Le parquet de Rabat ordonne aussitôt à la police judiciaire d’ouvrir « une enquête minutieuse » avec Ali Annouzla « ainsi qu'avec toute personne impliquée dans cette affaire ».
Un communiqué du procureur du Roi explique que l'article d’ « Al Jarida Al-Oula » « comprend des faits mensongers et de fausses informations concernant la santé de Sa Majesté le Roi et qui sont dénués de tout fondement ».
De son côté, le médecin personnel du Souverain, le Pr Maouni, saisit le président du Conseil régional des médecins de la région Nord-Centre « pour prendre les dispositions qui s'imposent ».

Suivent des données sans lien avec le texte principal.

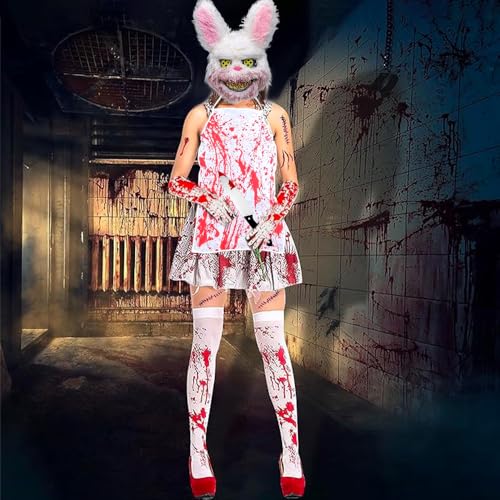 Yi'antai Costume de Boucher Halloween, Costume de Lapin D'horreur, Masque de Lapin, Deguisement Halloween Homme, Homme Horreur Tueur, Tablier Ensanglanté, Temporary Tattoo Sheets, Gants en coton(A) – vue 6
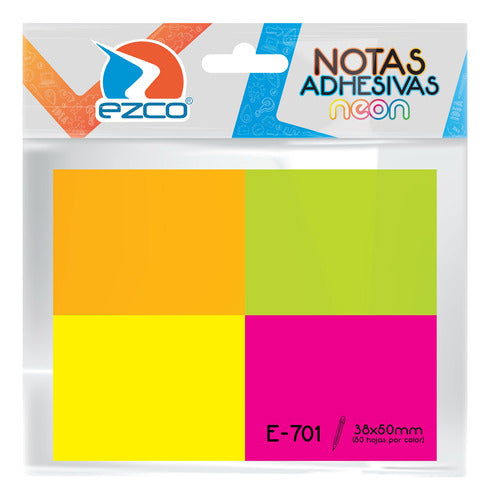 Stendy Neon Self-Adhesive Notes 38x50 Mm - 4 Fluorescent Colors, 200 Sheets 0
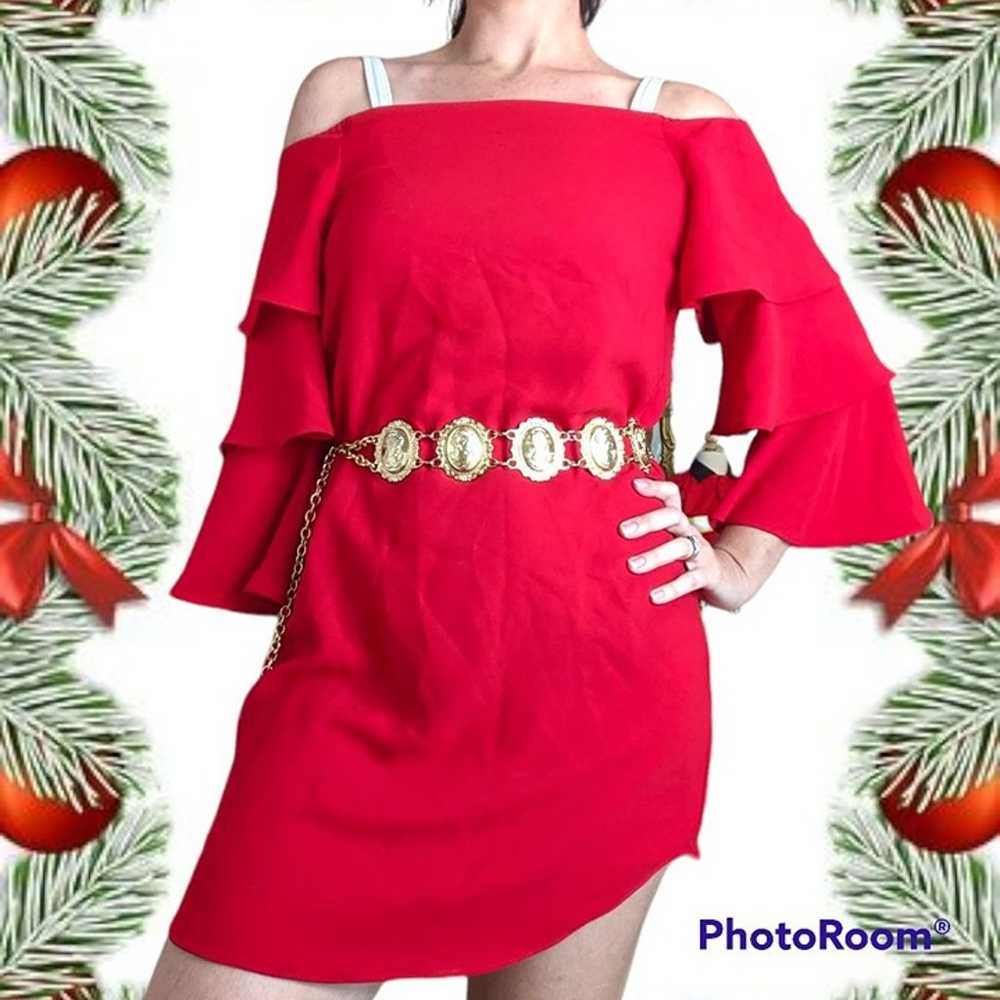 Nanette Lepore Red Off Shoulder Bell Sleeve Mini … - image 1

L’interrogatoire de Ali Annouzla et de sa journaliste, Boucha Edaou, commence alors le 2 septembre. Il durera 3 jours. Le journal de Ali Annouzla n’a en effet pas dit qu’il s’agissait de rumeurs, mais d’informations données par des sources médicales anonymes. La question était alors de savoir qui, parmi les médecins proches du Palais, diffuse ce genre d’ « informations » et dans quel but ?

Le 7 septembre, un communiqué du procureur du Roi près le tribunal de première instance de Rabat annonce qu'après l'enquête diligentée par les services de la police judiciaire, le Parquet général a remis une convocation directe à Ali Anouzla, en tant qu' « accusé du délit de publication, avec mauvaise intention, de fausse information, d'allégations et de faits mensongers », ainsi qu'à Boucha Edaou, auteur de l'article, en tant qu' « accusée d'avoir contribué à cela », conformément aux articles 42 et 68 du Code de la presse.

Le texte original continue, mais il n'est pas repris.